*** Records provided ***

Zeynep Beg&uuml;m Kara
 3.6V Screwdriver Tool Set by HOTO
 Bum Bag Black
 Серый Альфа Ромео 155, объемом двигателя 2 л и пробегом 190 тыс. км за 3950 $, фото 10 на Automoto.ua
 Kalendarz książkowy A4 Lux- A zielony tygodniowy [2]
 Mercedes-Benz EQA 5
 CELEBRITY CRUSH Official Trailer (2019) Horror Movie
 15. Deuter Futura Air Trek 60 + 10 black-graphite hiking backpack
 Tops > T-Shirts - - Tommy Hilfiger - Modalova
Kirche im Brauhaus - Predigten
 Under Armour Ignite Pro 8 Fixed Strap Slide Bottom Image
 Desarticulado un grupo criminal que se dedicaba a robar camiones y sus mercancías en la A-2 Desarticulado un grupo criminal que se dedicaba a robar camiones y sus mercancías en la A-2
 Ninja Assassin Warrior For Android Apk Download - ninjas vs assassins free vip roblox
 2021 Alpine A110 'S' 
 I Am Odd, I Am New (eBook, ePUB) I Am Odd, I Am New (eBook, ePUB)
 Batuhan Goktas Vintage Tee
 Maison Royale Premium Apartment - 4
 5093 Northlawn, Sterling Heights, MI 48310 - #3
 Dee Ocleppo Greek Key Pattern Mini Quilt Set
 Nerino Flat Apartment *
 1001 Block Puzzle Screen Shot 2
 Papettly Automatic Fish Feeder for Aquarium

*** End of Records provided ***

> _Exercise objective_: From the data above, pick out each line containing "Apartment" and copy it.

> _Task solution_:
 Maison Royale Premium Apartment - 4
 Nerino Flat Apartment *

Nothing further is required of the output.